Algumas coisas nunca mudam

Eu coloco os pratos à mesa de jantar, como ela deve estar fazendo nesse exato momento. À janela, a mãe da minha patroa se volta para mim, ajeita a manta de lã sobre o colo e me olha com uma expressão levemente divertida.

- Você está com aquela cara de novo, Olivia.

- Qual cara, senhora? - Pergunto calmamente.

- Cara de quem viu passarinho verde.

Sorrio, mas não respondo de imediato; acabo de arrumar os talheres. Há um prato extra à mesa esta noite, a irmã da minha patroa chegou da Europa. Felizmente, é minha noite de folga. A minha patroa disse que eu não me preocupasse, ela cuidaria de tudo depois.

- Eu vou dar um passeio de barco esta noite, senhora.

- E pelo visto, teremos uma bela lua cheia - complementa a senhora.

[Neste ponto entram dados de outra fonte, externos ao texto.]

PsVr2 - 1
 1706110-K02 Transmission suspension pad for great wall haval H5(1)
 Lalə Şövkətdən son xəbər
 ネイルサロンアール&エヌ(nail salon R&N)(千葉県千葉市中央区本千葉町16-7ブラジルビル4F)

Termino de arrumar a mesa e paro ao lado dela; ambas ficamos olhando pela janela em direção ao rio Hudson, para as silhuetas dos prédios de Manhattan à distância, luzes que se acendem nas alturas dos arranha-céus, o avermelhado do céu poente tornando-se gradualmente púrpura.

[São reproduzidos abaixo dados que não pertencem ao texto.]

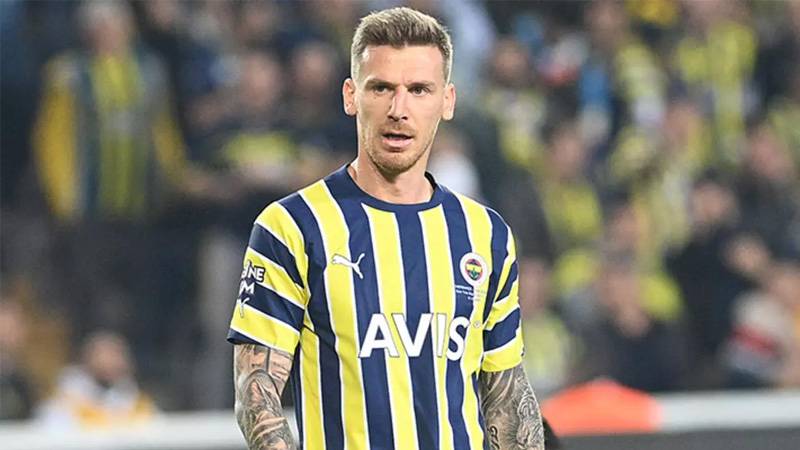 Herhangi bir takımla anlaşamamıştı: Fenerbahçe’de Serdar Aziz gelişmesi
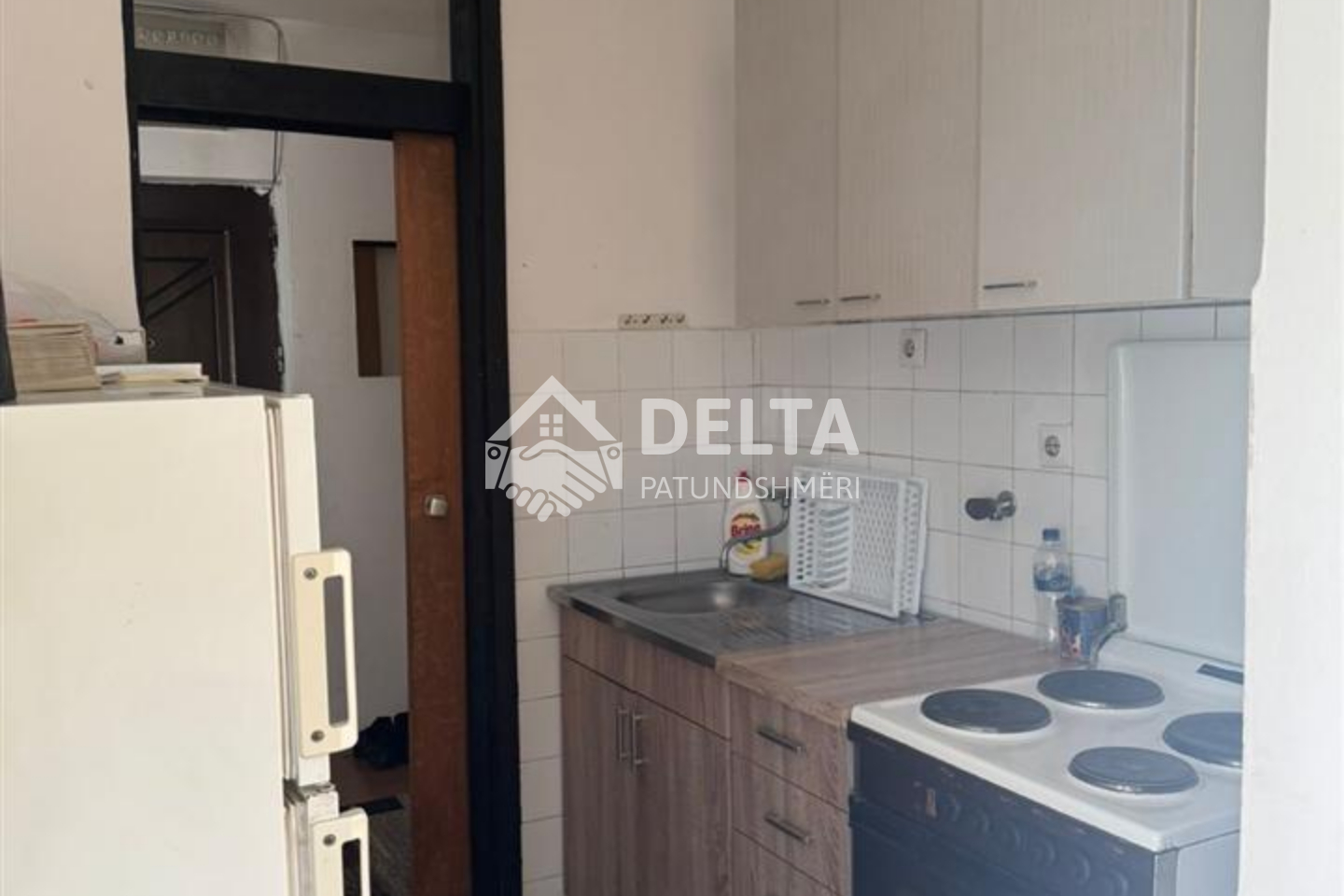 Apartamento en alquiler en dardani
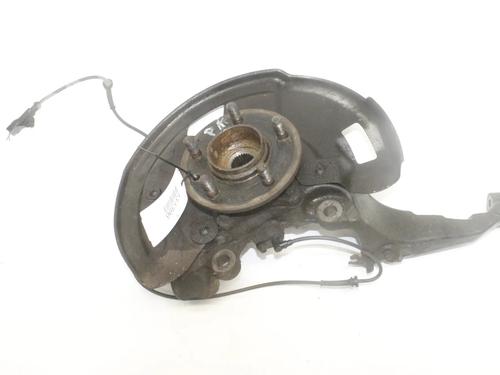 Used Left front steering knuckle Left front steering knuckle LAND ROVER RANGE ROVER SPORT I (L320) 3.0 D 4x4 (245 hp) 39816766 39816766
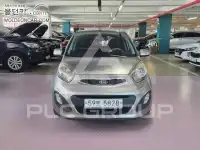 2011 KIA Morning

- Talvez tenhamos uma resposta hoje, senhora.

Ela volta-se para mim, um sorriso desenhando-se no seu rosto.

- Aquela resposta?

- Aquela resposta - confirmo.

- Crê que não mudará de ideia na última hora? É uma decisão difícil. Pelo que me disse, ela jamais trabalhou...

- A sua filha me disse que poderia ver algo no teatro... sempre precisam de camareiras.

A senhora pareceu divagar, como se estivesse relembrando algo do próprio passado.

- Sim... o teatro. É um mundo à parte, com suas próprias regras...

Fez um breve silêncio, depois suspirou.

- Enfim, este é o ano da graça de 1912.

E tocando levemente a minha mão, acrescentou baixinho:

- Certamente, algumas coisas devem ter mudado.